I was recently asked for my opinion on applying the LLN to betting. The question asked whether you could accurately predict future outcomes of a game, if you discovered a moment when the prior results had not yet reached the expected probability based equilibrium, or had deviated from it temporarily. For example, if there have been more heads than tails, in a game of coin tossing, can you commence playing at this 'fortuitous' moment and expect to see more tails in the future until a 50%/50% equilibrium is reached?

I'll continue to use coin tossing in this discussion, but obviously the questioner is actually wondering whether the proposal works for traditional gambling games such as the blackjack, roulette etc. Any game will do to understand the concept, so we'll use coin tossing to keep it simple.

I am not sure that my explanation is perfectly worded, but hopefully it makes sense...

The short answer:

The short answer is no! You cannot avoid the Gamblers Fallacy by simply extending the total number of times you play a game (e.g. flip a coin). Nor will it help to extend the number of times you observe the game being played before you join in.

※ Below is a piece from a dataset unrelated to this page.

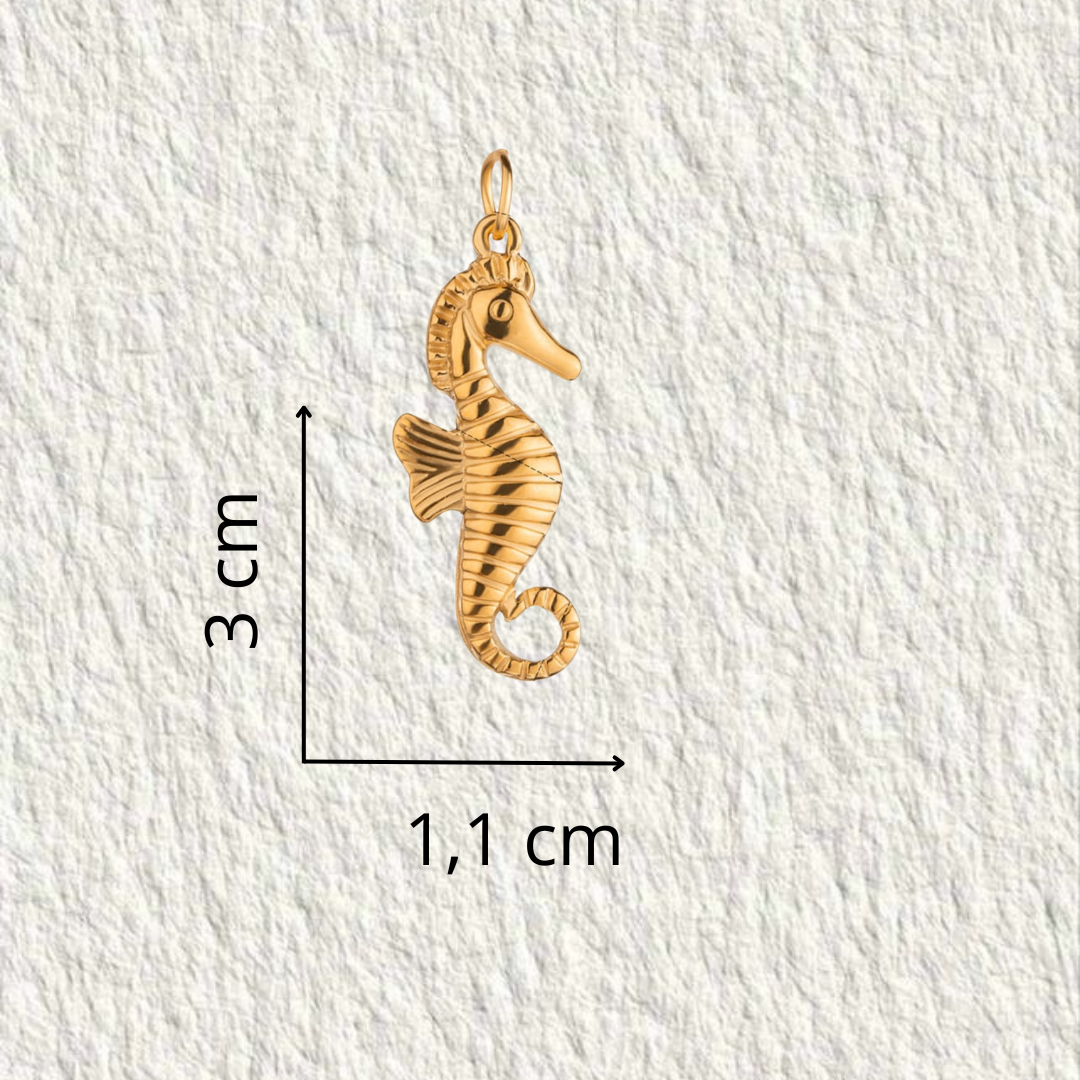 Charm « Hippocampe »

If you extend the size of the data set, you’ll merely be extending the number of times that you must keep playing in order for the large numbers to reach equilibrium. So you run out of funds waiting for a win.

The long explanation (yawn!):

Consider that a very large data set will probably also have longer deviations from equilibrium (if not in percentage terms perhaps, but certainly in absolute numbers at least). So for example lets imagine that we have observed 10000 coin tosses, and that there has been 0.5% too many heads (50) due to random temporary fluctutations. So a data set of 10000 coin tosses cannot be expected to progress to equilibrium within 10 rolls of the dice, because you can imagine that it will take (at least) 50 tosses to reach equilibrium, actually in reality probably many many more than 50 times. Furthermore there is no guarantee that equilibrium will be reached in your given period of activity, especially when funds are limited. If your funds are limited to 10 losses, you'll be bankrupt if the subsequent outcomes deviates by only a tiny overall percentage in the wrong direction.

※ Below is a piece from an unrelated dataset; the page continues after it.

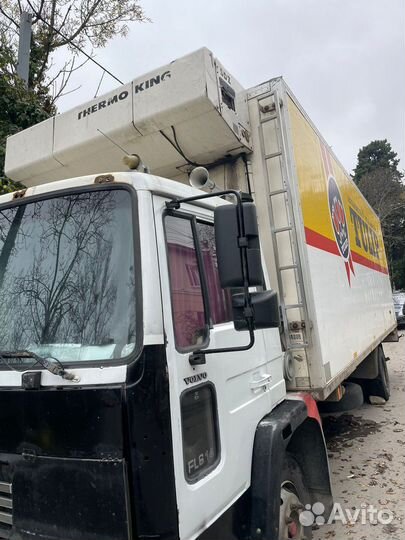 Volvo FL 6, 1992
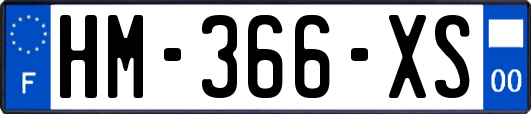 HM-366-XS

Now imagine the game after 1 million tosses and suppose it is now out of equilibrium by only 0.1%, it would have 1000 too many heads at that current moment! So you can't play it all the way to equilibrium because you'll either have to go to bed or run out of funds! So essentially the more times that the game is played, potentially the harder it becomes to make money!

Now let analyse it in more abstract terms. Each individual toss, or series of prior tosses that you observed, remains statistically independent of other tosses, only the data set as a whole can comply to the law of large numbers, not parts of it. Unfortunately you can’t bet on the whole data set as a single bet, you can only bet on parts of it, and you can't predict the parts of it accurately, after all they must be smaller, not large! The outcomes during the small period when you are playing a game of chance, are not influenced by the previous outcomes or the deviation from equilibrium no matter how large the prior data set - this is a key concept in probability theory. A misunderstanding of that concept leads to the gamblers fallacy.

This part of the Wikipedia entry, tries to explain this:

"It is important to remember that the LLN only applies (as the name indicates) when a large number of observations are considered. There is no principle that a small number of observations will coincide with the expected value or that a streak of one value will immediately be "balanced" by the others.”

In conclusion, I don’t believe such a gamlbing strategy based on the Law of Large Numbers will be useful. Nor is it worth trying to overcome this problem by applying a martingale staking system!